As far as trace elements, you want to add fertilizers for the plants, but it doesn't have to be at water change time. Just start a regime and stick with it, adding Macros (N,P,K) and micros (lots of other stuff/trace elements).

-Dave


----------



## bgzbgz (Jul 6, 2007)

CO2 lowers ph.


----------



## davemonkey (Mar 29, 2008)

Here's a good article to start with about the basics. You can click on links at the bottom of that page to go to the different sections in the article:

http://www.aquatic-plants.org/articles/basics/pages/index.html


----------



## cjordan525 (Jul 27, 2008)

I just tested my tap water further, the kh=0, gh=3, and get this the nh3 + nh4= 3.0 mg/l. This is the first tank I have set up since I moved here from NC. I always had well water before, I haven't ever had Ammonia levels like this from the tap. Any suggestions?


----------



## cjordan525 (Jul 27, 2008)

Thanks Dave that is a great article.


----------



## lauraleellbp (Jan 31, 2008)

Many water conditioners will remove chlorine, chloramines, chelate heavy metals, AND detoxify ammonia all in one. Personally, I like Seachem's Prime. It will only detoxify ammonia for 24 hours, but in an established, cycled tank this should be more than enough time for the plants and biofilter to take care of it.


----------



## ray-the-pilot (May 14, 2008)

cjordan525 said:


> I just tested my tap water further, the kh=0, gh=3, and get this the nh3 + nh4= 3.0 mg/l. This is the first tank I have set up since I moved here from NC. I always had well water before, I haven't ever had Ammonia levels like this from the tap. Any suggestions?

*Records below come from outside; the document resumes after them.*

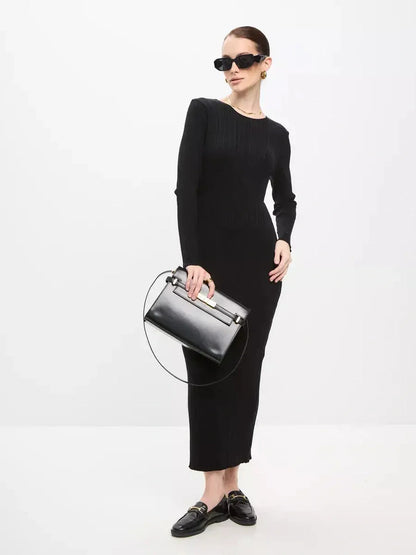 Model showcasing a Sculpted Rib Maxi Dress with long sleeves, paired with a sleek black handbag and modern sunglasses.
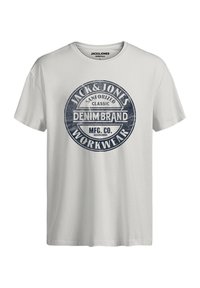 White, cotton t-shirt featuring a round graphic logo in navy blue with text: "JACK & JONES SANFORIZED CLASSIC DENIM BRAND MFG. CO. WORKWEAR."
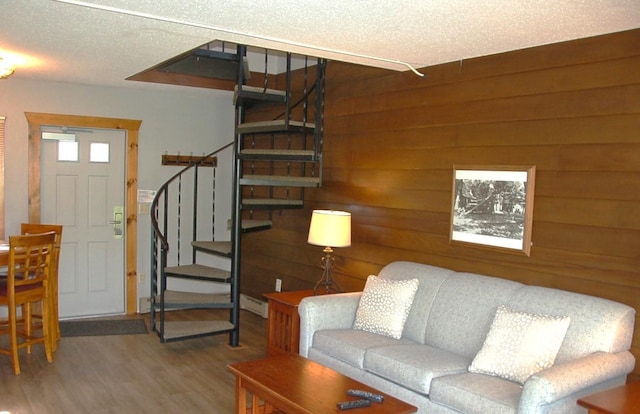 living room with wood walls, hardwood / wood-style flooring, and a textured ceiling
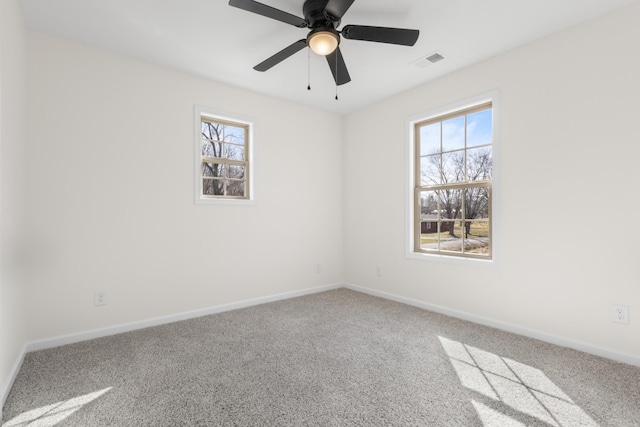 spare room featuring carpet flooring, baseboards, visible vents, and ceiling fan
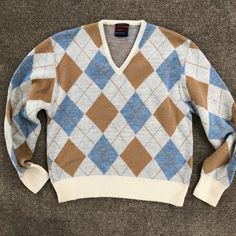 Vintage 1970s JCPENNEY argyle v-neck sweater  Reads L  Excellent vintage condition with no flaws found  Measurements taken laying flat  Pit to pit 21.5 Length 23.5  Great colorway  #argyle #vintage #1970s #grandpa #sweater Grandpa Sweater, Argyle Sweater, Toledo, V Neck Sweater, Vintage 1970s, Men's Sweater, Vneck Sweater, Neck Sweater, Sweater Outfits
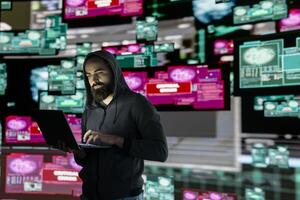 Male hacker operates in stealth mode breaching system access through coding, bypassing firewalls and exploiting vulnerabilities in network security to carry out cyber crime and data infiltration. photo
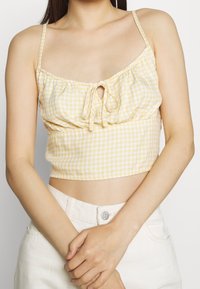 Yellow and white checkered crop top with adjustable spaghetti straps, gathered front with a tie, made from lightweight fabric.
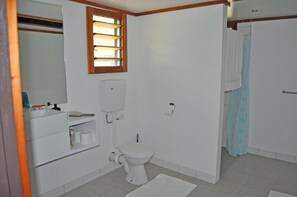 Une petite salle de bain propre, équipée de toilettes, d’un lavabo et d’un miroir.
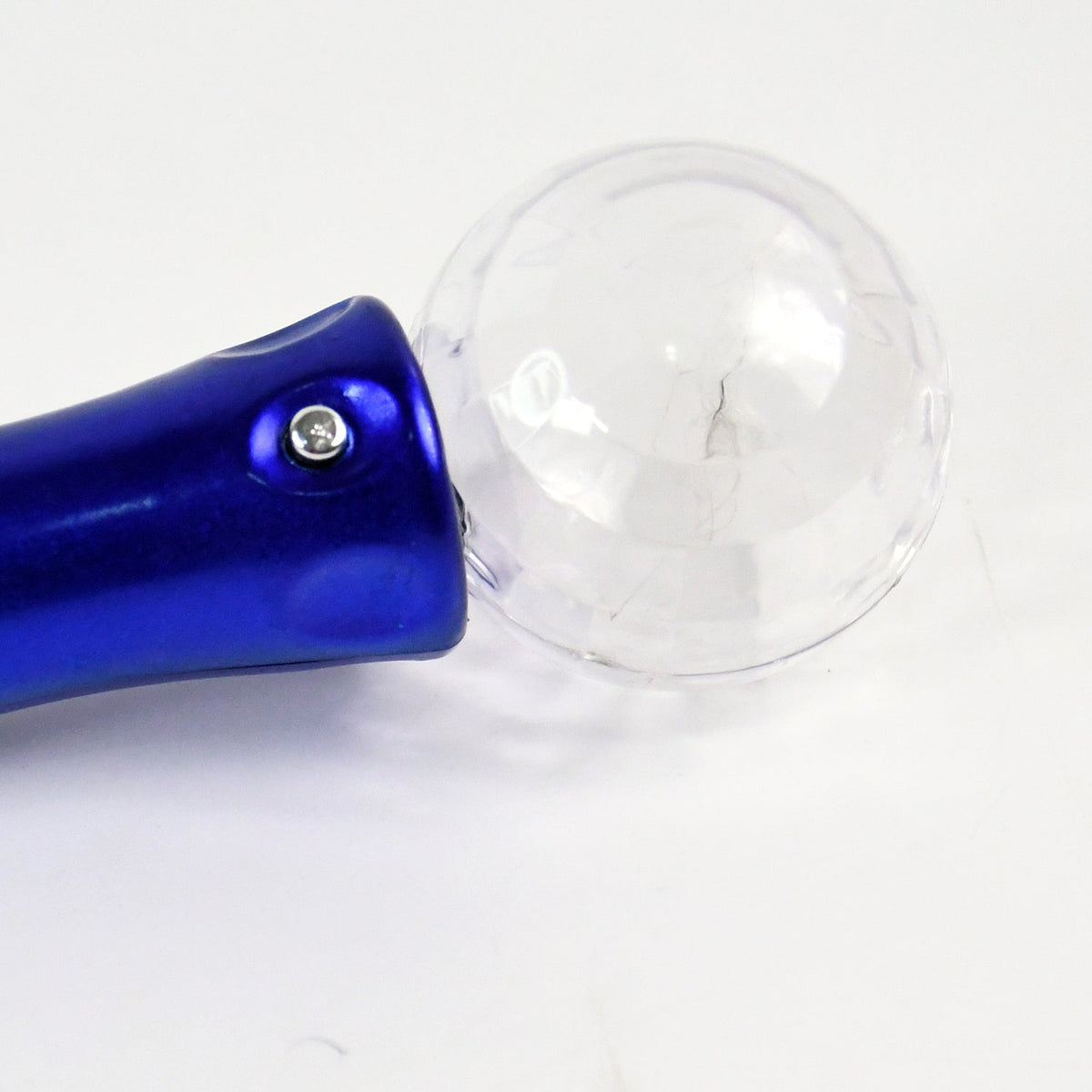 Close-up of the blue handle and clear disco ball top of the light wand on a white surface.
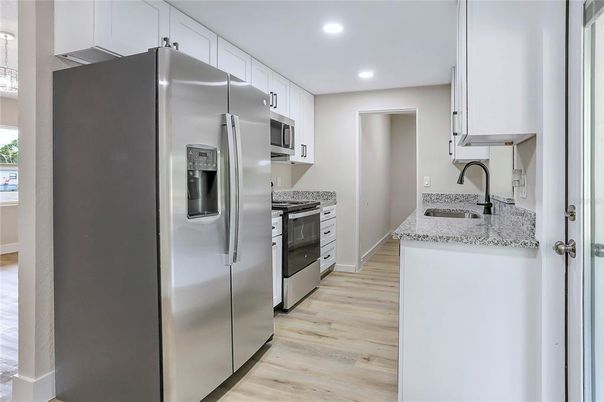 Interior, Kitchen, Recessed Lighting, Stainless Steel Appliances, Wood Texture Flooring
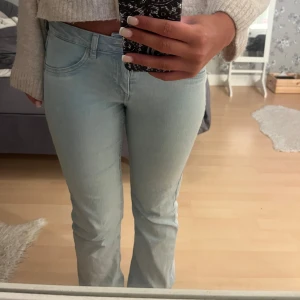 Ljusblå bootcut jeans - Säljer ett par ljusblå jeans med bootcut passform och klassisk femficksdesign. Jeansen har normal midja och är tillverkade i mjukt denimtyg som sitter snyggt och bekvämt. Perfekta för dig som gillar en retro vibe och vill ha ett par jeans som sticker ut.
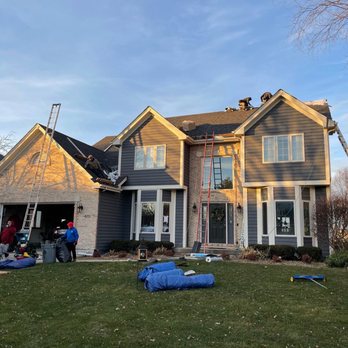 Fiji Construction - Those are some tall ladders!!!  Project Manager was constantly there checking on things!!! - Construction workers are repairing the roof of a two-story house with ladders and safety harnesses in daylight. - Roofing Near Me - Cary, Illinois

I don't know how you could have Ammonia in your tap water if it is chlorinated. I'd complain to my water company that my water was bad. Cl2 is supposed to kill NH4.

Having kh=0, gh=3, implies that your water is very soft and without any carbonates. I'd suggest adding NaHCO3 to increase your pH stability and also add some NaHSO4 to keep you pH at about 7.4.


----------



## vancat (Nov 5, 2004)

right if you run CO2 the pH will come down.


----------



## Lionsfan (Jul 21, 2008)

Call your water supplier and see what their test results say. Maybe they have an answer.


----------



## JanS (Apr 14, 2004)

I agree, those ammonia levels out of your tap don't sound right, so I'd call the water company to investigate further.

As for differences between your tap water and tank water; unless you're doing more than a 50% water change at once, the fish will barely notice it, and it will be fine. The bigger thing to watch for is to get your temperature as close as possible between the tank and the water you're adding.


----------